Task to complete - Return every line of the listing that includes the string "love".

Given information -
<<<<
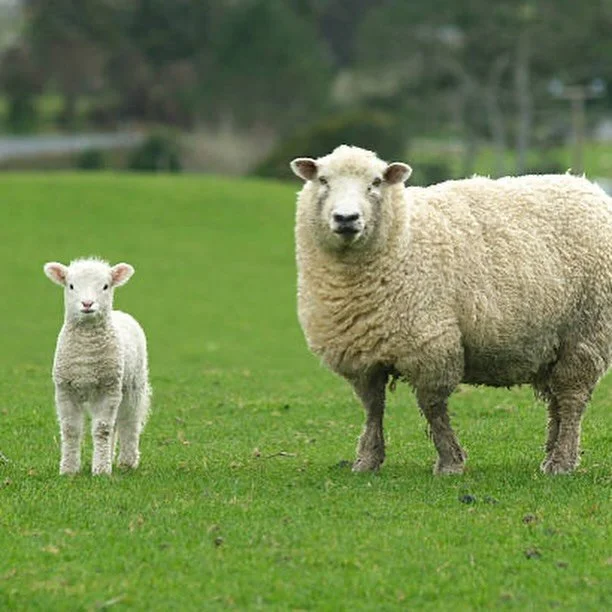 Happy Mother&rsquo;s Day from the Haddam Neck Fair ❤️🐄🐑

Today we&rsquo;re celebrating all the moms, grandmothers, caregivers, and mother figures who nurture, guide, support, and love unconditionally.

Wishing you a day filled with love, family, an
>>>>
Expected answer -
Today we&rsquo;re celebrating all the moms, grandmothers, caregivers, and mother figures who nurture, guide, support, and love unconditionally.
Wishing you a day filled with love, family, an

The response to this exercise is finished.